Having Flash installed can cut battery runtime considerably - as much as 33 percent in our testing. With a handful of websites loaded in Safari, Flash-based ads kept the CPU running far more than seemed necessary, and the best time I recorded with Flash installed was just 4 hours. After deleting Flash, however, the MacBook Air ran for 6:02 - with the exact same set of websites reloaded in Safari, and with static ads replacing the CPU-sucking Flash versions.
The difference has gained much attention due to the MacBook Air's limited battery capacity, the ongoing dispute between Apple and Adobe over Flash, and Apple's decision to ship the new MacBook Air without Flash Player pre-installed, a change coming to all of the company's Mac products.
Fast Company spoke with Adobe Chief Technology Office Kevin Lynch about the MacBook Air news and the broader dispute over Flash, and Lynch argued that it makes perfect sense that displaying Flash content would utilize more battery power than not displaying it. Lynch also claimed that displaying the same content in Apple-supported HTML5 technology would use as much or more battery power than in Flash.
"It's a false argument to make, of the power usage," Lynch explains. "When you're displaying content, any technology will use more power to display, versus not displaying content.
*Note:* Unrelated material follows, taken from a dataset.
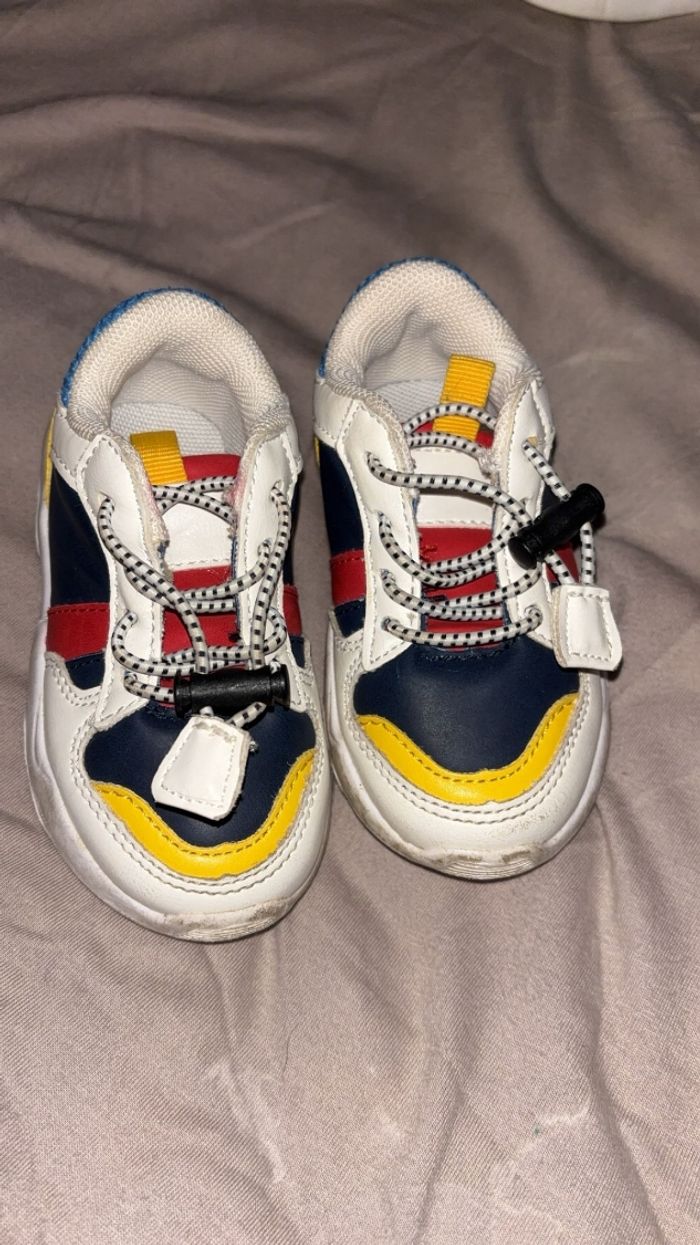 Basket lot ou a l'unité 4€ - photo numéro 2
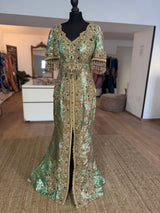 Caftan Brocade Breath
If you used HTML5, for example, to display advertisements, that would use as much or more processing power than what Flash uses."
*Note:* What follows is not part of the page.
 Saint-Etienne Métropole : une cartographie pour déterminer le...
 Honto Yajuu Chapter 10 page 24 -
Lynch said several studies have already confirmed Flash's higher battery life, and also argued that HTML5 had far less reliable playback.
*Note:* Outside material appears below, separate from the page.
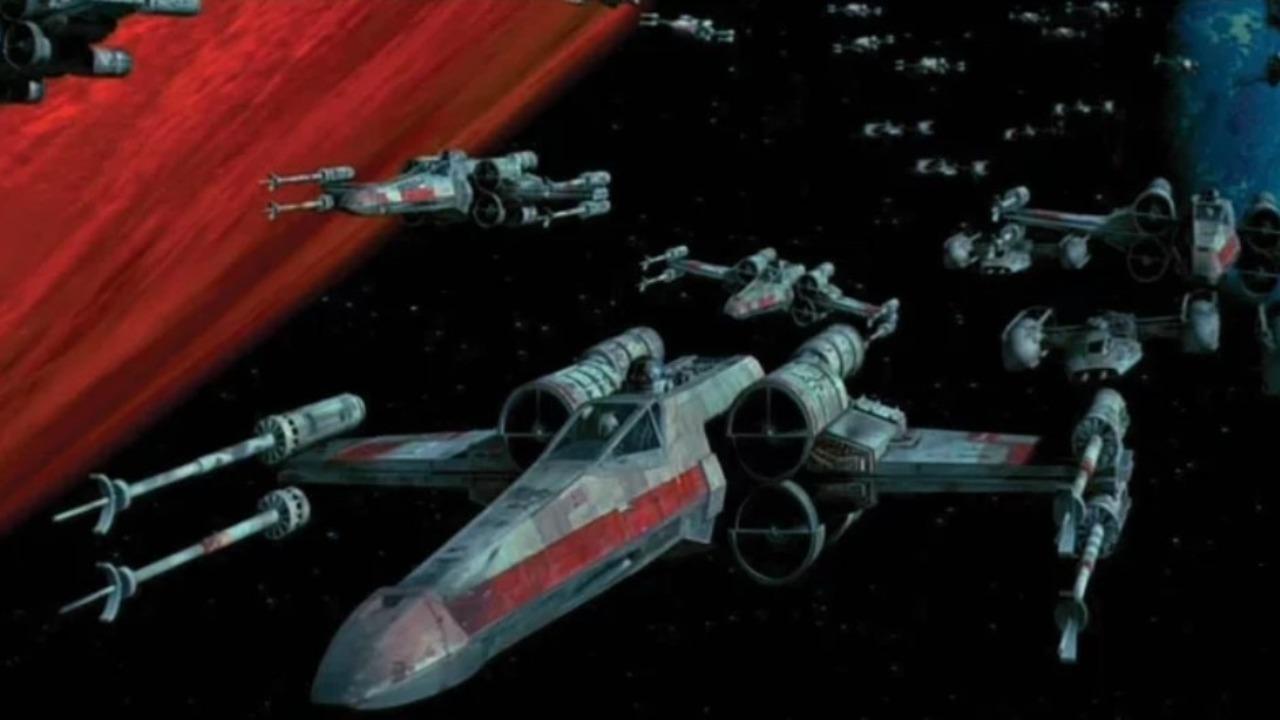 Star Wars Rogue Squadron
Lynch went on to focus on the "negative campaigning" against Adobe's Flash technology, taking aim at Apple for "inciting" the movement, calling Apple's choice to cut off access to Flash content for its iOS users "hurtful" to Adobe and Flash developers and "counter to [Adobe's] values".
"I just think there's this negative campaigning going on, and, for whatever reason, Apple is really choosing to incite it, and condone it," Lynch says. "I think that's unfortunate. We don't think it's good for the web to have aspects closed off--a blockade of certain types of expression. There's a decade of content out there that you just can't view on Apple's device, and I think that's not only hurtful to Adobe, but hurtful to everyone that created that content."
For its part, Adobe is looking at how to accommodate the growing presence of HTML5 content on the Internet, recently offering a demo of a tool that would allow developers to easily port much of their Flash content to HTML5.